Are there any words that contain at least one of each different vowel?
words <- stringr::words
words[str_detect(words, "a") & str_detect(words, "e") & str_detect(words, "i") & str_detect(words, "o") & str_detect(words, "u")]
## character(0)
What word has the highest number of vowels?
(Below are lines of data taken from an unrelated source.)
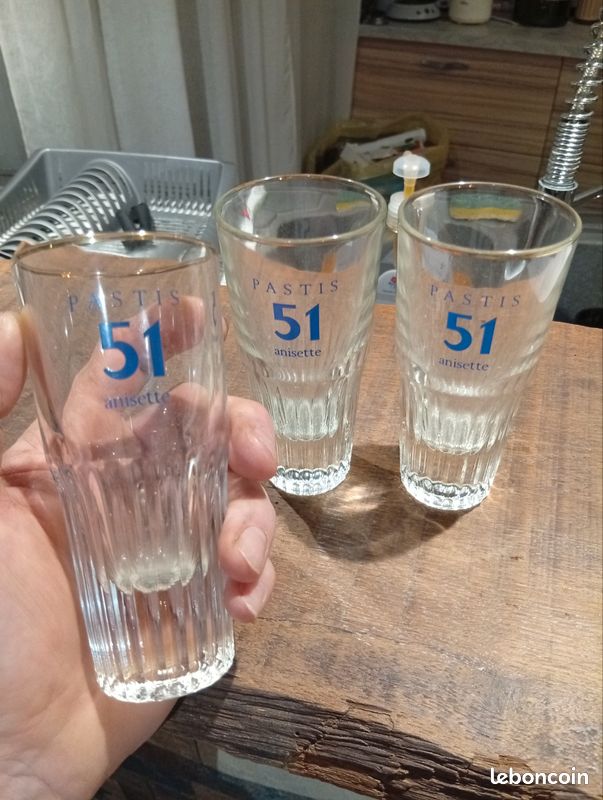 Lot 3 ancien verres Pastis 51 anisette (image 2)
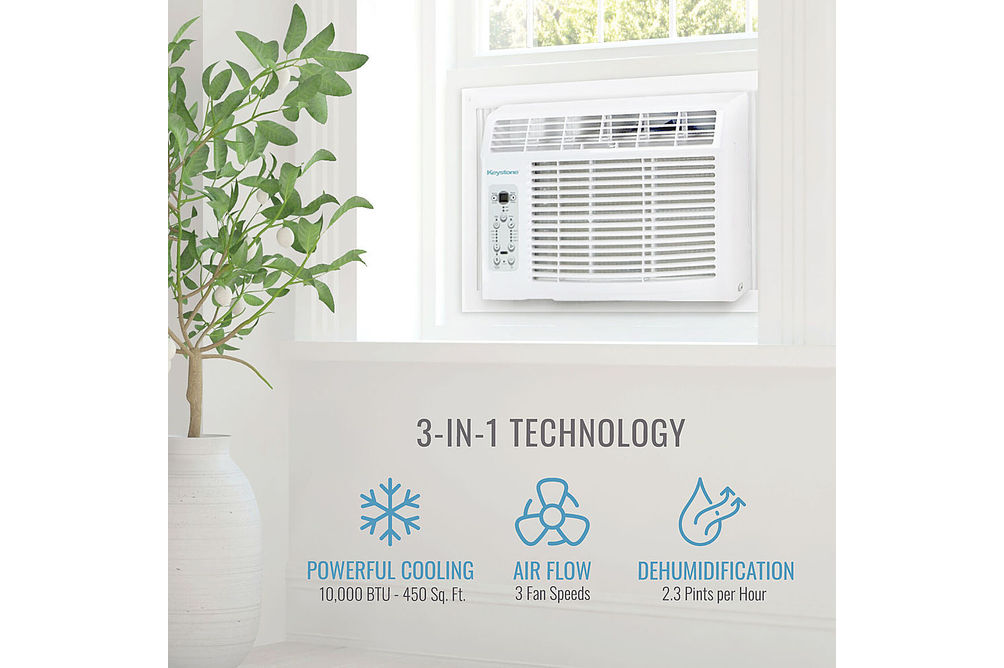 Keystone - 450 Sq. Ft. 10,000 BTU Window-Mounted Air Conditioner with Remote Control - White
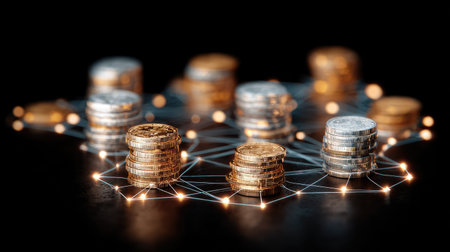 This image showcases stacks of coins symbolizing cryptocurrency and blockchain technology, interconnected with network lines on a dark background. Ideal for financial themes.の素材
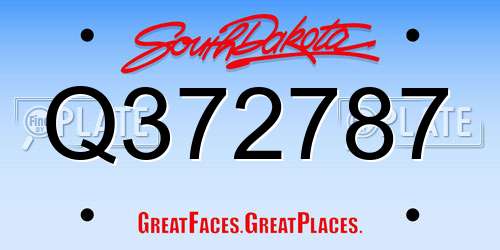Q372787 South Dakota License Plate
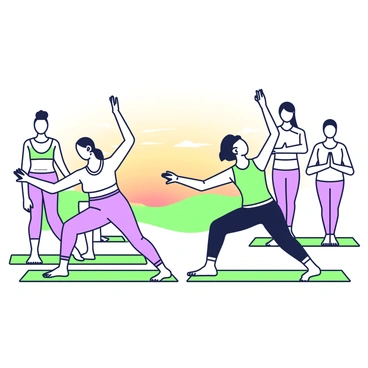 A group of individuals participating in a yoga session during sunset. They are positioned on their yoga mats, with the warm glow of the setting sun casting long shadows. In the foreground, two participants are performing arm circles as part of their warm-up, with arms extended out to the sides. The individuals are dressed in comfortable yoga attire, including fitted tops and leggings. Around them, additional participants are engaged in various warm-up stretches. The sky is filled with hues of light as the sun descends on the horizon, creating a tranquil atmosphere.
What word has the highest proportion of vowels? (Hint: what is the denominator?)
words <- stringr::words
numvowels <- tibble(word = words,
vowels = str_count(words, "[aeiou]")) %>%
arrange(desc(vowels))
numvowels
## # A tibble: 980 x 2
## word vowels
## <chr> <int>
## 1 appropriate 5
## 2 associate 5
## 3 available 5
## 4 colleague 5
## 5 encourage 5
## 6 experience 5
## 7 individual 5
## 8 television 5
## 9 absolute 4
## 10 achieve 4
## # … with 970 more rows
words <- stringr::words
propvowels <- tibble(word = words,
vowel = str_count(words, "[aeiou]")/str_length(words))
propvowels
## # A tibble: 980 x 2
## word vowel
## <chr> <dbl>
## 1 a 1
## 2 able 0.5
## 3 about 0.6
## 4 absolute 0.5
## 5 accept 0.333
## 6 account 0.429
## 7 achieve 0.571
## 8 across 0.333
## 9 act 0.333
## 10 active 0.5
## # … with 970 more rows